- EXERCISE DIRECTIONS
In the material below, the lines between the one holding "Можжевельник казацкий и спирея" and the one holding "Experience new blooms", inclusive, are to be set down word for word. Pictures stay out.

- DATA TO PROCESS

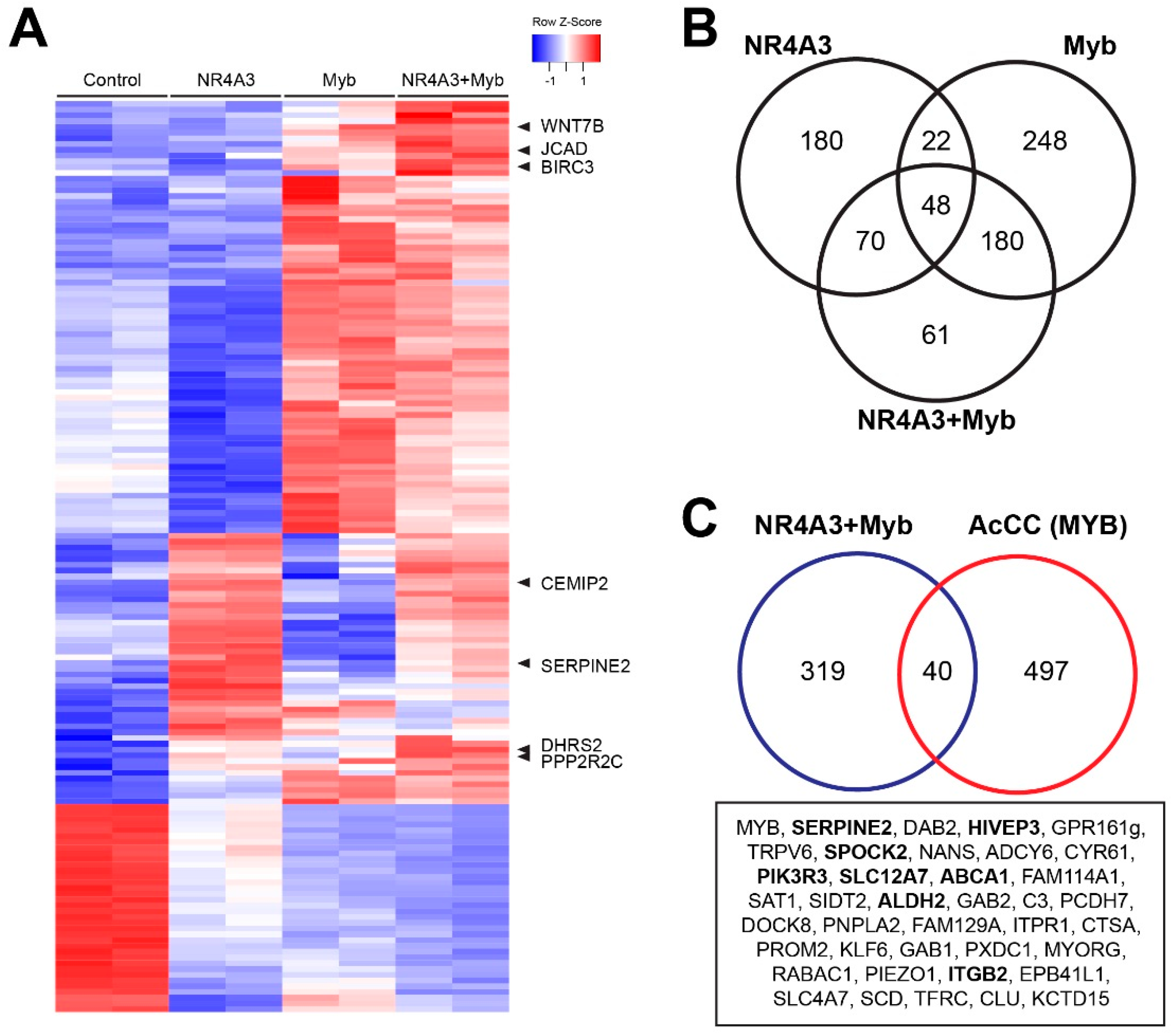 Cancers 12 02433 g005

* * *

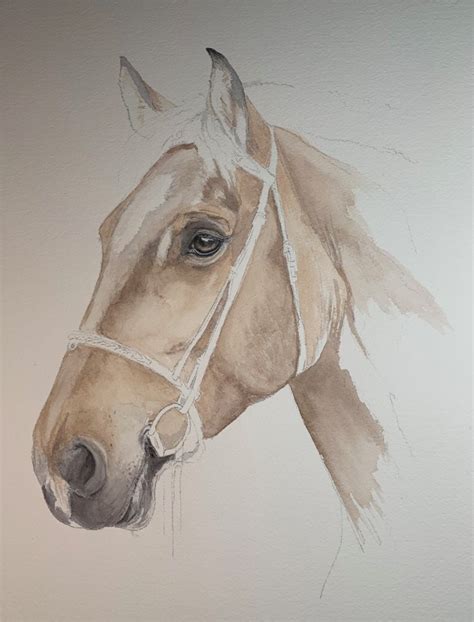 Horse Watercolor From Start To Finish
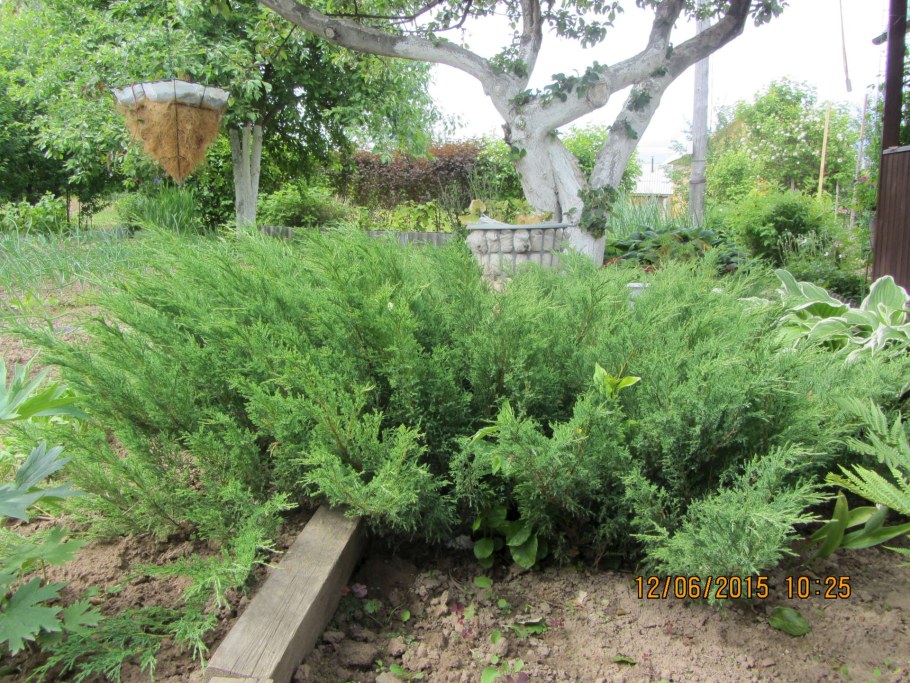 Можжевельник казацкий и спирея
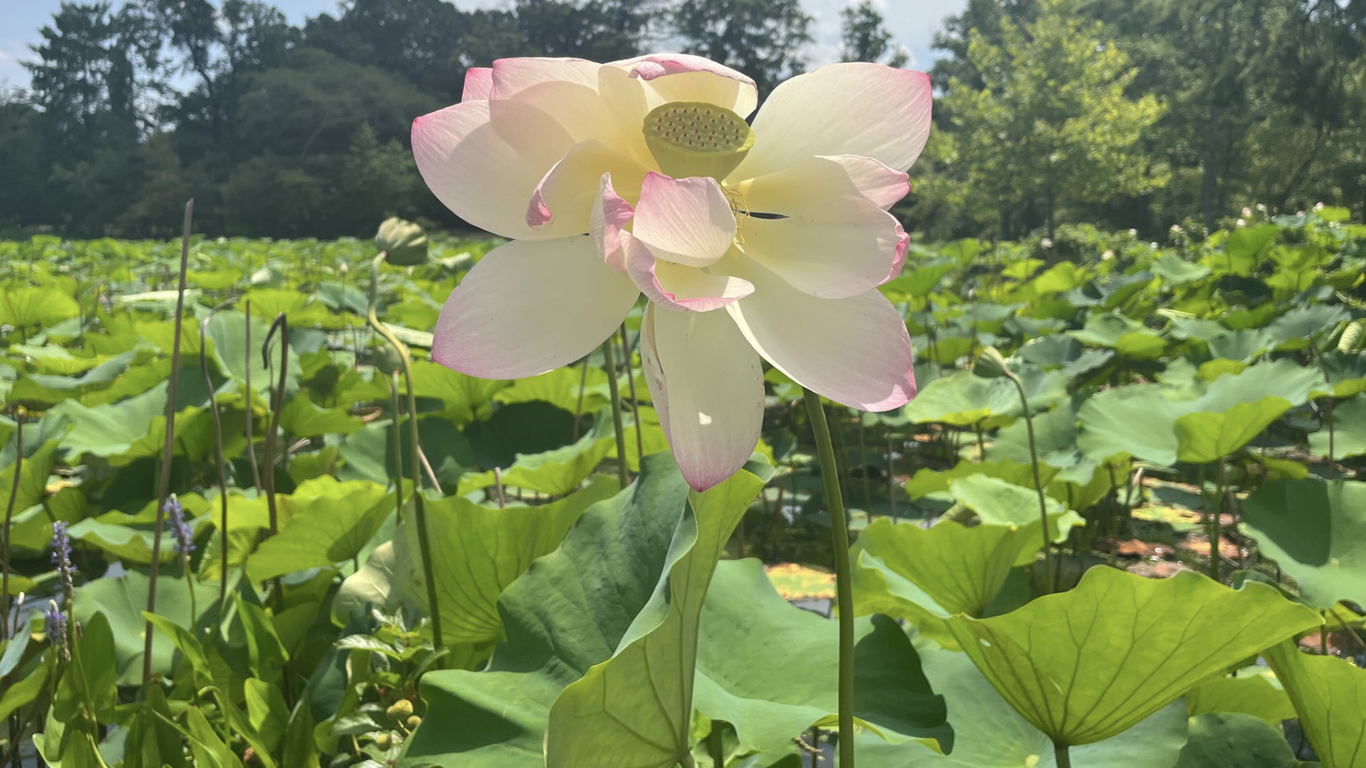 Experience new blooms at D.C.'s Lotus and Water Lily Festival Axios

- RESPONSE AREA
 Можжевельник казацкий и спирея
 Experience new blooms at D.C.'s Lotus and Water Lily Festival Axios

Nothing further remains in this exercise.